Surviving the death of a spouse
Susan was 29 when she lost her husband in a car accident. She had three children under age five. Their care and emotions were an immediate issue, but she had far more to be concerned about.
A former registered nurse, Susan had always left all of the family finances to Toby, her husband. Paralyzed with grief, she felt overwhelmed and was incapable of paying bills, managing the bank accounts, handling her husband’s estate, managing his investments and dealing with the pension plan.
Fortunately, a financially savvy family member stepped in to help Susan deal with the family finances.
If you lost your spouse . . .
If you lost your spouse, how capable would you be of coping with the emotional and personal issues, let alone the business and finances? While some matters can be deferred, others cannot.
Life continues even after a loved one’s death. Mortgage payments must be made, groceries must be purchased and utilities must be paid for. There are Insurance claims to be handled, pensions to be managed and an estate to administer.
In her excellent new book, Managing Alone, Your Trusted Advisors’ Guide to Surviving the Death of Your Spouse, financial advisor Jennifer Black says it’s important to have a plan in case you lose your spouse and are unable to cope.
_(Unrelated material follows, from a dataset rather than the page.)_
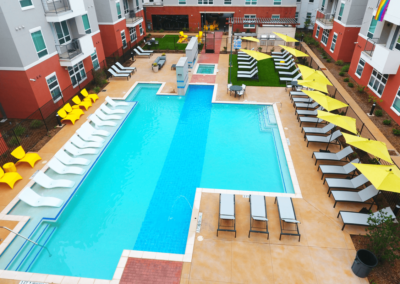 outdoor pool with lounge chairs at liv+ arlington apartments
Black and business partner Janet Baccarani co-wrote this easy-to-read book with stories of real people dealing with the death of a spouse.
Written primarily for financial advisors, this book provides insight, counsel, direction, encouragement, and information to guide people through the financial transition to the next stage of their lives.
Black recommends that people engage the assistance of a professional. Many problems can be avoided by using a professional who is familiar with what needs to be done.
Perhaps the most important piece of advice is for both spouses to be fully involved in a couple’s finances. Know what bank accounts and investments you have, for example, and who to go to for information. “The common mistake people make,” Black says, “is not being engaged in the joint finances prior to losing a loved one.”
She recommends that all non-registered accounts be in joint name. Otherwise, you may require original wills and death certificates to access bank accounts upon a spouse’s death.
The authors’ website, Widowed.ca, has a database of professionals (lawyers, estate administrators, tax experts and so on) who are vetted for suitability. (This website is not yet expanded to all parts of Canada.)
“It’s a good feeling to know,” Black says, “that we have the ability to make lives a bit easier during a difficult situation. Our aim is to help them move through that chapter and forward.”
A loved one’s death is stressful and emotional enough without adding the pressures of having to quickly delve into finances with which you may have no familiarity or experience. This book can save recent widows and widowers from painful mistakes that can cost a great deal of money.
From nearly two decades as a financial planner, it’s my belief that most people are inadequately prepared for most of the financial issues in their lives. Perhaps no one is adequately prepared for the loss of a spouse, but this excellent book can help them cope.
If you know someone who has lost a spouse, you might give this as a gift. Or, consider it for yourself if you want to get your financial affairs in order so you can be prepared – just in case.